§ PROBLEM
Up to and including the line that contains "1 bedroom, premium", reproduce every line exactly, beginning with the first line below.

§ TASK INPUTS
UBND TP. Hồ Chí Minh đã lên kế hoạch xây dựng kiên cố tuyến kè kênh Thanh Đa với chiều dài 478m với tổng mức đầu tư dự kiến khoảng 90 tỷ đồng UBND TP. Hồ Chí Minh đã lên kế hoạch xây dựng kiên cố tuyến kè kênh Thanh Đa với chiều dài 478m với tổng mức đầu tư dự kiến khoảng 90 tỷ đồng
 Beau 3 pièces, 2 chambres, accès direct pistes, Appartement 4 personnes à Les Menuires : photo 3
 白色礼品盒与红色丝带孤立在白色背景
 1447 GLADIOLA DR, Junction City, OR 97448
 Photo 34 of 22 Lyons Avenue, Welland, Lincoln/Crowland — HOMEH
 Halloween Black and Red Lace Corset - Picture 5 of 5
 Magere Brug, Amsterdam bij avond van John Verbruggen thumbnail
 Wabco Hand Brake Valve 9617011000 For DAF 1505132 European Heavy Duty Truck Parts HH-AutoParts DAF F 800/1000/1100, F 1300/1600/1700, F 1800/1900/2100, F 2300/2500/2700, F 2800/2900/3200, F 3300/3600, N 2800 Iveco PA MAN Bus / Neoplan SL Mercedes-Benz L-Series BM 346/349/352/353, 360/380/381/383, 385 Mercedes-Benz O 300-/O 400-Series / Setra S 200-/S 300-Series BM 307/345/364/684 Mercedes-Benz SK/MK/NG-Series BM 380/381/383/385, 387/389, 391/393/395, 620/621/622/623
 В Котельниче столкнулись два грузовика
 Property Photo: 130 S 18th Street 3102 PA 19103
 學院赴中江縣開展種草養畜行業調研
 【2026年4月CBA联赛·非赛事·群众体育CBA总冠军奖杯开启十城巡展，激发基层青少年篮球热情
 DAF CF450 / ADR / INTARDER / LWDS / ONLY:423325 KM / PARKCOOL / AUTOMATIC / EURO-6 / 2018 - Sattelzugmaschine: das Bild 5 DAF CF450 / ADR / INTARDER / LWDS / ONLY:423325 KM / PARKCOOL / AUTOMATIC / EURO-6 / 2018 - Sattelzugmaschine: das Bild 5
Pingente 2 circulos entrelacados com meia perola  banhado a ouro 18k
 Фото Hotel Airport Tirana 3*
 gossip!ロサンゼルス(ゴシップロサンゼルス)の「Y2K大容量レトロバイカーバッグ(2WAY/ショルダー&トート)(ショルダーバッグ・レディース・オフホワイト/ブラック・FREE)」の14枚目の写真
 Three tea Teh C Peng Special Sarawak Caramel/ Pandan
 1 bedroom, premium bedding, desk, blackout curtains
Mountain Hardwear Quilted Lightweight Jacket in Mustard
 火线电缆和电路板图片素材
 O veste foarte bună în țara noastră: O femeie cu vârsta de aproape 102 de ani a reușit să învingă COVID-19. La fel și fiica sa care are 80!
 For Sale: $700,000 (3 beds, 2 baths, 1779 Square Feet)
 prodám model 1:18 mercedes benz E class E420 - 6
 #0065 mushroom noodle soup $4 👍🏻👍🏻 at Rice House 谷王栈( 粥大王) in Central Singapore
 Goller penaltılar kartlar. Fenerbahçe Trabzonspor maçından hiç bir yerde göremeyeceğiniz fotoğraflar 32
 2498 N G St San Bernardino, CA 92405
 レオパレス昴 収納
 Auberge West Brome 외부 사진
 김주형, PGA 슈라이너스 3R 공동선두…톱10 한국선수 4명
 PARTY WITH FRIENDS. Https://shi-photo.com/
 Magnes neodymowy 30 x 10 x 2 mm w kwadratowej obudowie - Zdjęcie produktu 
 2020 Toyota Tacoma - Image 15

§ EXERCISE ANSWER
UBND TP. Hồ Chí Minh đã lên kế hoạch xây dựng kiên cố tuyến kè kênh Thanh Đa với chiều dài 478m với tổng mức đầu tư dự kiến khoảng 90 tỷ đồng UBND TP. Hồ Chí Minh đã lên kế hoạch xây dựng kiên cố tuyến kè kênh Thanh Đa với chiều dài 478m với tổng mức đầu tư dự kiến khoảng 90 tỷ đồng
 Beau 3 pièces, 2 chambres, accès direct pistes, Appartement 4 personnes à Les Menuires : photo 3
 白色礼品盒与红色丝带孤立在白色背景
 1447 GLADIOLA DR, Junction City, OR 97448
 Photo 34 of 22 Lyons Avenue, Welland, Lincoln/Crowland — HOMEH
 Halloween Black and Red Lace Corset - Picture 5 of 5
 Magere Brug, Amsterdam bij avond van John Verbruggen thumbnail
 Wabco Hand Brake Valve 9617011000 For DAF 1505132 European Heavy Duty Truck Parts HH-AutoParts DAF F 800/1000/1100, F 1300/1600/1700, F 1800/1900/2100, F 2300/2500/2700, F 2800/2900/3200, F 3300/3600, N 2800 Iveco PA MAN Bus / Neoplan SL Mercedes-Benz L-Series BM 346/349/352/353, 360/380/381/383, 385 Mercedes-Benz O 300-/O 400-Series / Setra S 200-/S 300-Series BM 307/345/364/684 Mercedes-Benz SK/MK/NG-Series BM 380/381/383/385, 387/389, 391/393/395, 620/621/622/623
 В Котельниче столкнулись два грузовика
 Property Photo: 130 S 18th Street 3102 PA 19103
 學院赴中江縣開展種草養畜行業調研
 【2026年4月CBA联赛·非赛事·群众体育CBA总冠军奖杯开启十城巡展，激发基层青少年篮球热情
 DAF CF450 / ADR / INTARDER / LWDS / ONLY:423325 KM / PARKCOOL / AUTOMATIC / EURO-6 / 2018 - Sattelzugmaschine: das Bild 5 DAF CF450 / ADR / INTARDER / LWDS / ONLY:423325 KM / PARKCOOL / AUTOMATIC / EURO-6 / 2018 - Sattelzugmaschine: das Bild 5
Pingente 2 circulos entrelacados com meia perola  banhado a ouro 18k
 Фото Hotel Airport Tirana 3*
 gossip!ロサンゼルス(ゴシップロサンゼルス)の「Y2K大容量レトロバイカーバッグ(2WAY/ショルダー&トート)(ショルダーバッグ・レディース・オフホワイト/ブラック・FREE)」の14枚目の写真
 Three tea Teh C Peng Special Sarawak Caramel/ Pandan
 1 bedroom, premium bedding, desk, blackout curtains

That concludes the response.